Ilustración: Víctor Solís
Ilustración: Víctor Solís

El 12 de julio de 2023 la Primera Sala, por mayoría de cuatro votos, declaró la invalidez del acuerdo impugnado3 No hay engrose disponible en la página de la SCJN que nos permita consultar los términos de la sentencia dictada, sin embargo, del acto impugnado, de la secuela procesal del caso y de los puntos resolutivos de la sentencia, puede inferirse que lo resuelto fue invalidar la determinación de la CDCU en el sentido de desechar el procedimiento de declaración de procedencia en contra del FGJEM por considerar que no contaba con fuero constitucional, basado en su entendimiento de que no requería el desafuero y las autoridades penales podían proceder en su contra de manera inmediata. Así, puede inferirse que se invalidó esta interpretación de la CDCU y debe haberse señalado que el FGJEM sí contaba con fuero constitucional, ya que el artículo 111, párrafo 5.º de la Constitución señala que cuentan con esta protección los “miembros de los organismos a los que las Constituciones Locales les otorgue autonomía”, tal como lo es el FGJEM dado que la Constitución del estado de Morelos así lo considera, además de que la Segunda Sala de la SCJN, al resolver el recurso de reclamación señalado, había también precisado que este servidor público sí contaba con fuero constitucional, por lo que el órgano encargado finalmente de decidir si se remueve o no el fuero del servidor público es el CEM, conforme a los precedentes de la Primera Sala.4

Por su parte, el juicio de amparo 5/2021 presentado por el FGJEM en contra del inicio y trámite del procedimiento de declaración de procedencia, fue admitido de manera inmediata por el juez de distrito, quien también concedió la suspensión de los efectos del acto reclamado de manera inmediata para que, si bien la CDCU pudiera instruir y llevar a cabo el procedimiento de declaratoria de procedencia al ser ésta una institución fundamental del orden jurídico mexicano, no ejecutara su determinación hasta en tanto se resolviera el juicio principal. Esto es, la suspensión en el amparo también paralizó la ejecución de los efectos del acto reclamado, por lo que el FGJEM no podría ser procesado penalmente hasta que el conflicto constitucional planteado se resolviera. Según se desprende de diversas notas periodísticas, este juicio de amparo ya se resolvió y, aparentemente, el juez de distrito determinó que este servidor público no podía ser procesado ni por delitos federales ni locales, sin embargo, no podemos asegurarlo al no tener acceso a la sentencia de amparo.
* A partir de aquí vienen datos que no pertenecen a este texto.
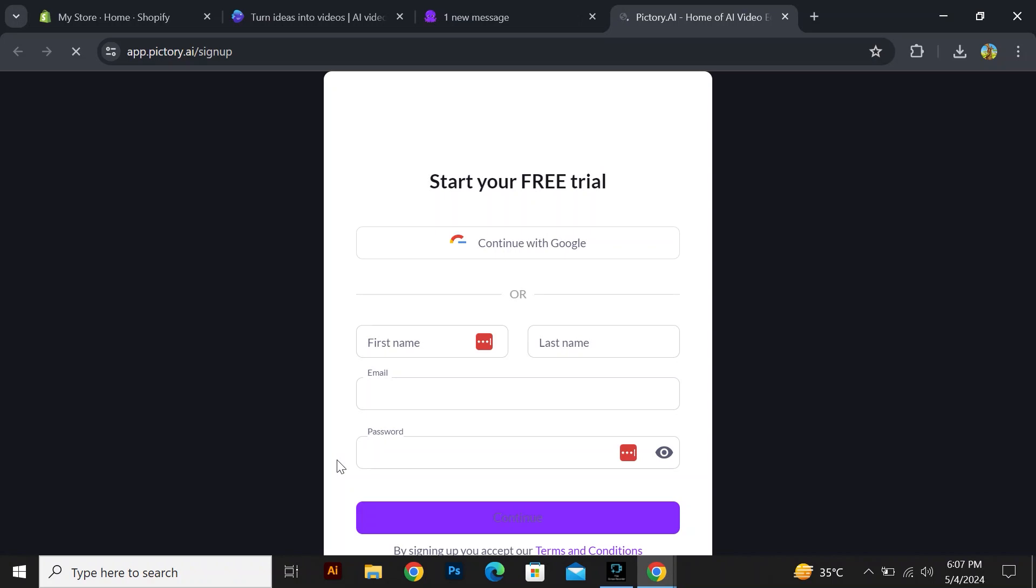Both InVideo and Pictory are useful and customer-friendly, so you can try both. If you are interested in trying InVideo and Pictory, click the first link in the description.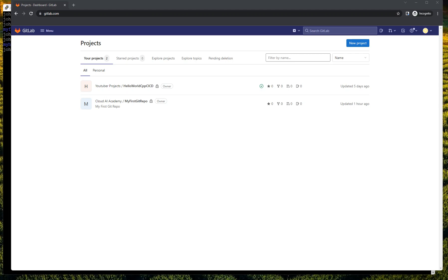Hi, this is Johnny from Cloud AI Academy. Here I will show you DevOps skills about cloud AI technologies, personal projects, and other essential skills to become a DevOps engineer. Today, the topic is to quickly set up Google SSG static websites on GitLab Pages in just 10 minutes.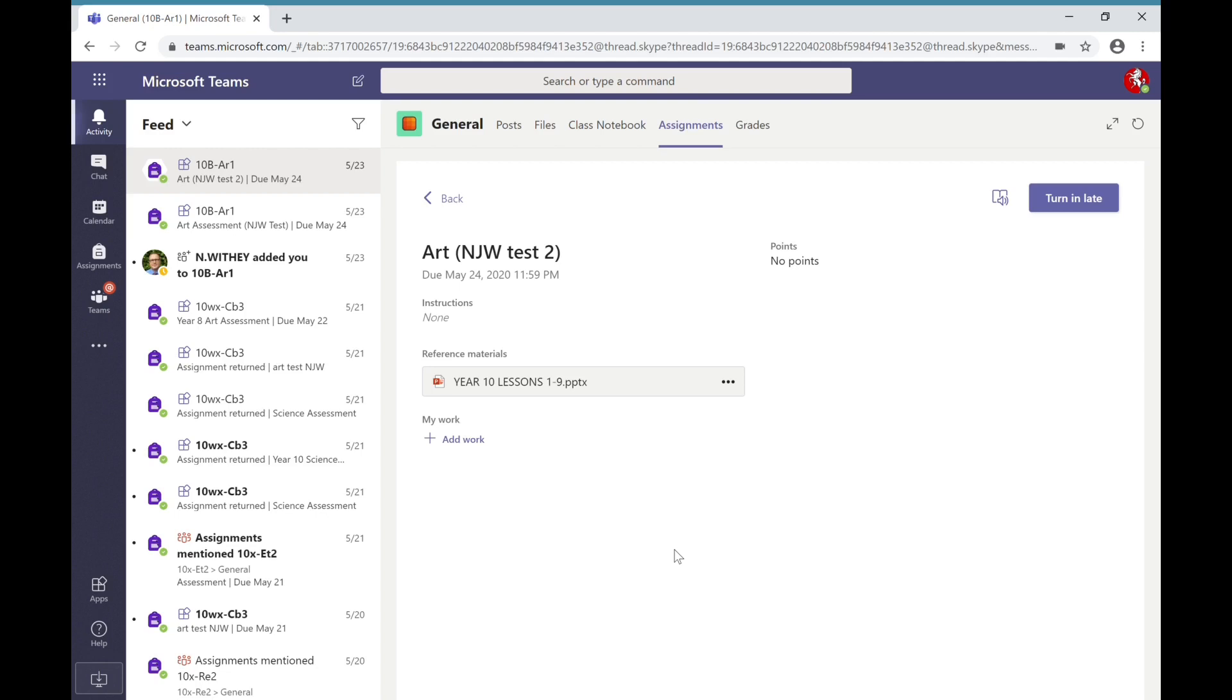In order to access live lessons we will be using Microsoft Teams, which is the same program that you have used for assignments and so hopefully will be quite familiar to you.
Ahora bien, el 4 de agosto de 2023 fue noticia a nivel nacional que el FGJEM había sido detenido en ejecución de una orden de aprehensión librada por un juez de Ciudad de México (CDMX), al parecer por un delito del código penal de esta ciudad. Este evento implica varios problemas jurídicos y constitucionales que queremos plantear. Las notas de prensa nos hacen ver que el delito del que se le acusa al FGJEM y por el que se le ha aprehendido y vinculado a proceso es un delito de “retardo de justicia” o algo similar, los que se encuentran establecidos en los artículos 290 y subsiguientes del Capítulo I del Título Vigésimo, del Código Penal de Ciudad de México.

Ahora bien, de los puntos resolutivos de la sentencia dictada en la controversia constitucional 151/2021, podemos inferir que la PS de la SCJN únicamente se pronunció en el sentido de que este servidor público si tiene fuero constitucional previsto en el artículo 111 párrafo 5.º de la Constitución, lo que implica que para ser procesado penalmente por la supuesta comisión de delitos federales se requiere la declaratoria de procedencia de la CDCU, la que debe comunicarse al CEM para que éste decida lo que corresponde. Pero esto sólo aplica para el caso de la comisión de delitos federales, por lo que queda indefinido aún que es lo que procede cuando se trata de delitos locales, con la complicación agregada de que el delito por el que fue aprehendido se supone cometido en y perseguido por una entidad federativa distinta al estado de Morelos.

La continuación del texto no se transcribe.